No. Observations: 3000 AIC: 3.065e+04
Df Residuals: 2996 BIC: 3.067e+04
Df Model: 3
Covariance Type: nonrobust
========================================================================================================
coef std err t P>|t| [0.025 0.975]
--------------------------------------------------------------------------------------------------------
Intercept 71.6381 2.638 27.152 0.000 66.465 76.811
bs(age, knots=(40, 60), degree=1)[0] 49.8144 3.429 14.529 0.000 43.092 56.537
bs(age, knots=(40, 60), degree=1)[1] 45.8718 3.024 15.169 0.000 39.942 51.801
bs(age, knots=(40, 60), degree=1)[2] 17.2156 9.277 1.856 0.064 -0.975 35.406
==============================================================================
Omnibus: 1083.113 Durbin-Watson: 1.963
Prob(Omnibus): 0.000 Jarque-Bera (JB): 4829.501
Skew: 1.702 Prob(JB): 0.00
Kurtosis: 8.201 Cond. No. 15.2
==============================================================================
Notes:
[1] Standard Errors assume that the covariance matrix of the errors is correctly specified.
The coeff
column indicates the coefficients of wage
regressing on each basis function of age
, i.e. \(b_0, b_1, b_2, b_3\).
However, spline regression coefficients are not analogous to slope coefficients in simple linear regression and they are not directly interpretable as increase or decrease on \(Y\) given one-unit increase on \(X\)! Spline regression coefficients scale the computed basis functions for a given value of \(X\) (see slides from the multivariate statistics lecture).

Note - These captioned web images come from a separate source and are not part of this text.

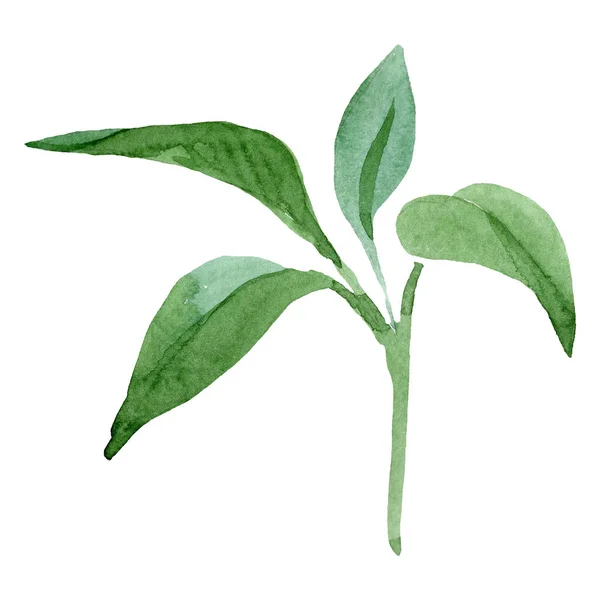Brugmansia gröna blad botaniska blomma. Akvarell bakgrunden set. Isolerade brugmansia illustration element. — Stockfoto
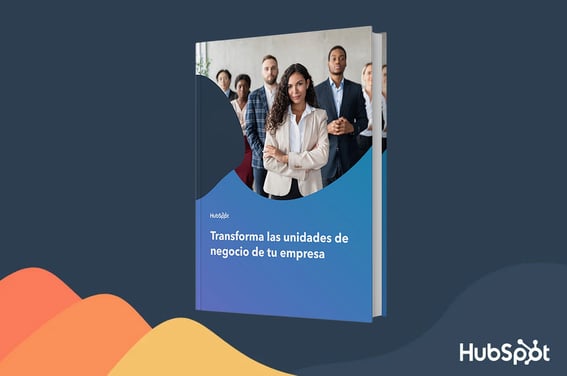 Unidades de Negocio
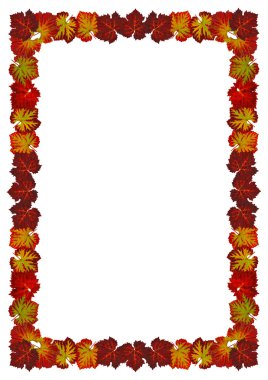 Vineleafframe1din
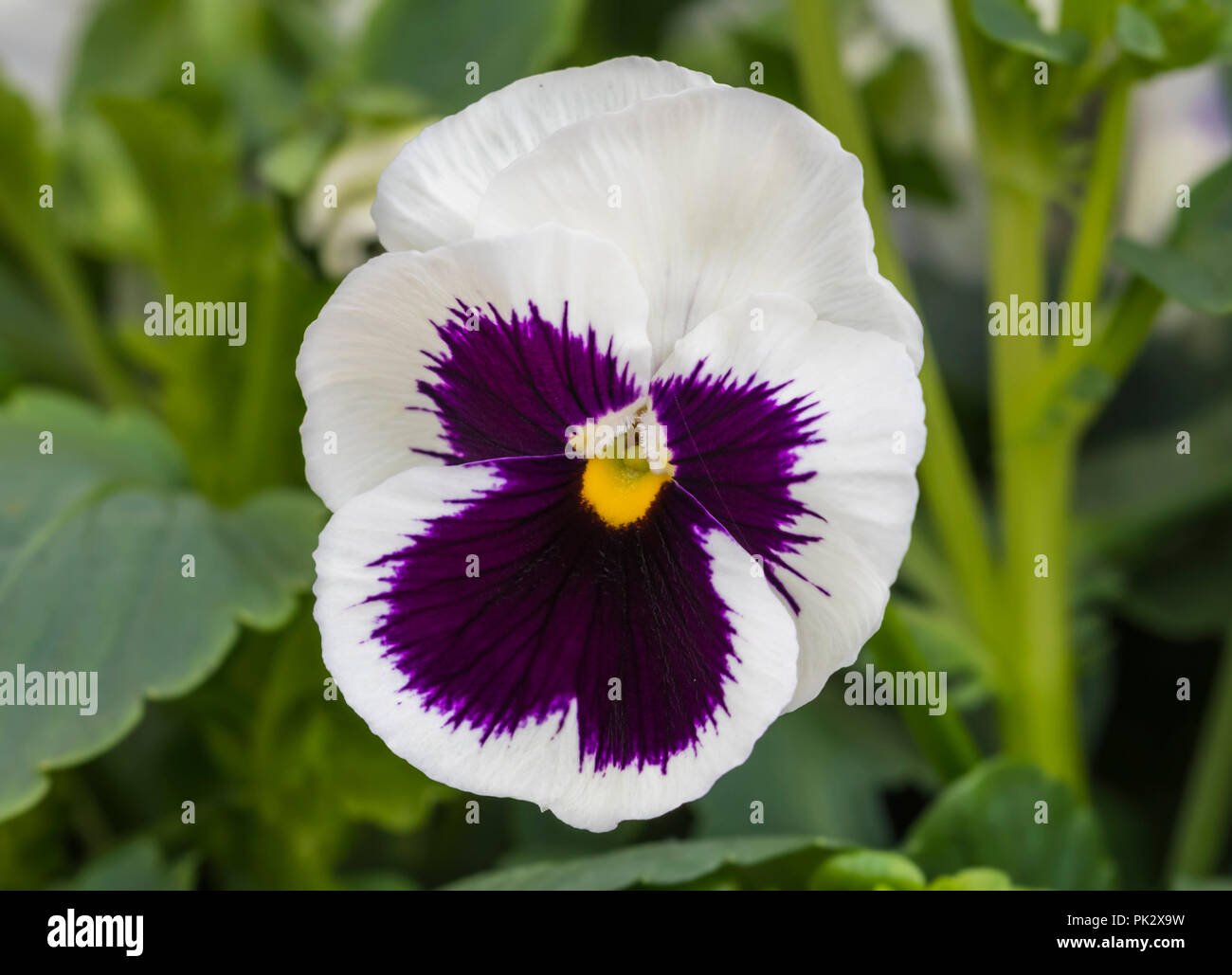 Pansy flower viola pansies hires stock photography and images Alamy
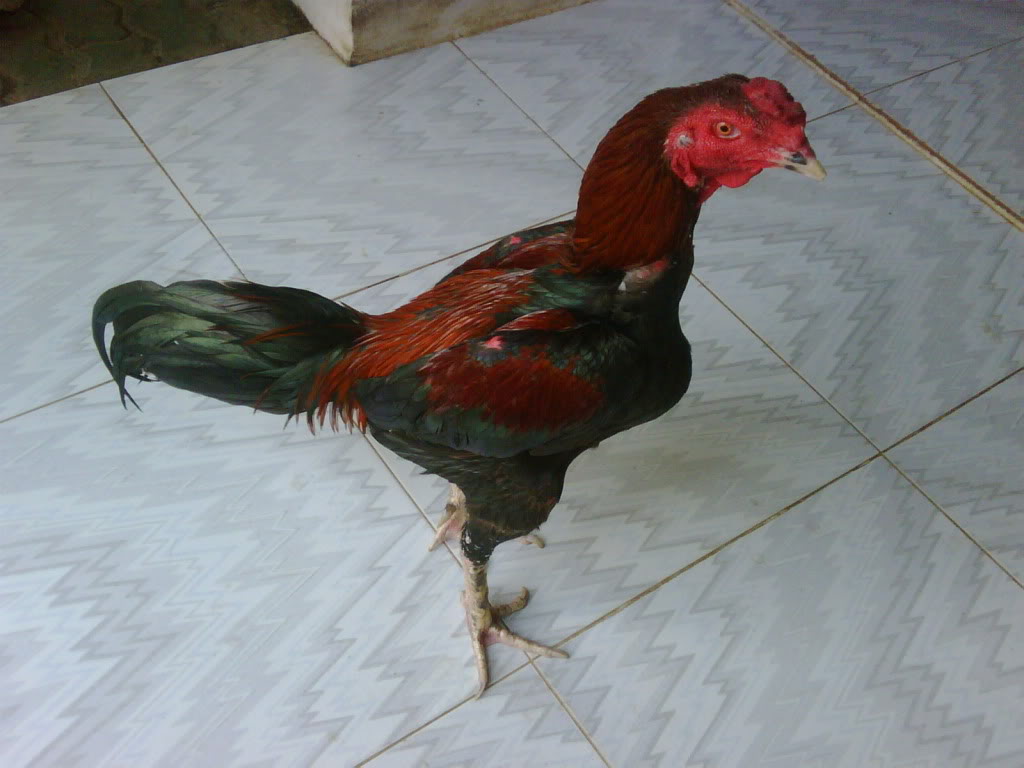 Ayam+Bangkok+Petarung Diposkan oleh ayam bangkok petarung di 07.29 Tidak ada komentar:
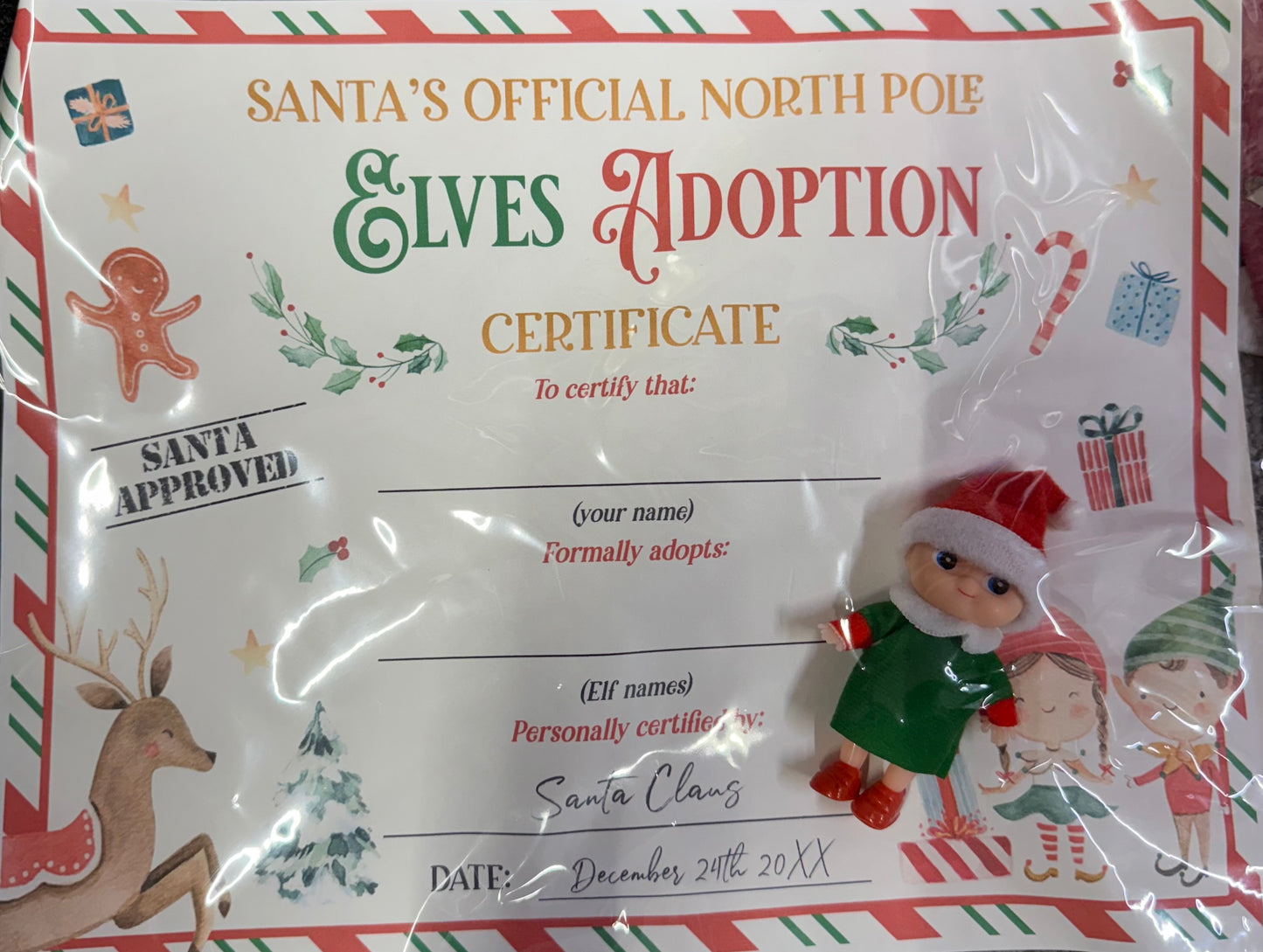Green Baby Elf with Birth Certificate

We can nevertheless calculate the slopes of the fitted spline starting from our coefficients:
Plotting the model#
# Create evenly spaced values to plot the model predictions
xp = np.linspace(df['age'].min(), df['age'].max(), 100)
xp_trans = patsy.dmatrix("bs(xp, knots=(40,60), degree=1)",
data={"xp": xp},
return_type='dataframe')
# Use model fitted before to predict wages for generated age values
predictions = model_fit.predict(xp_trans)
# Plot the original data and the model fit
fig, ax = plt.subplots(figsize=(8,5)) # Create figure object
sns.scatterplot(data=df, x="age", y="wage", alpha=0.4, ax=ax) # Plot observations
ax.axvline(40, linestyle='--', alpha=0.4, color="black") # Cut point 1
ax.axvline(60, linestyle='--', alpha=0.4, color="black") # Cut point 2
ax.plot(xp, predictions, color='red') # Draw prediction
ax.set_title("Linear (first-order) spline regression");

The model plot shows that we have gone from fitting an intercept (i.e., a horizontal line) in each bin to fitting a linear function in each bin.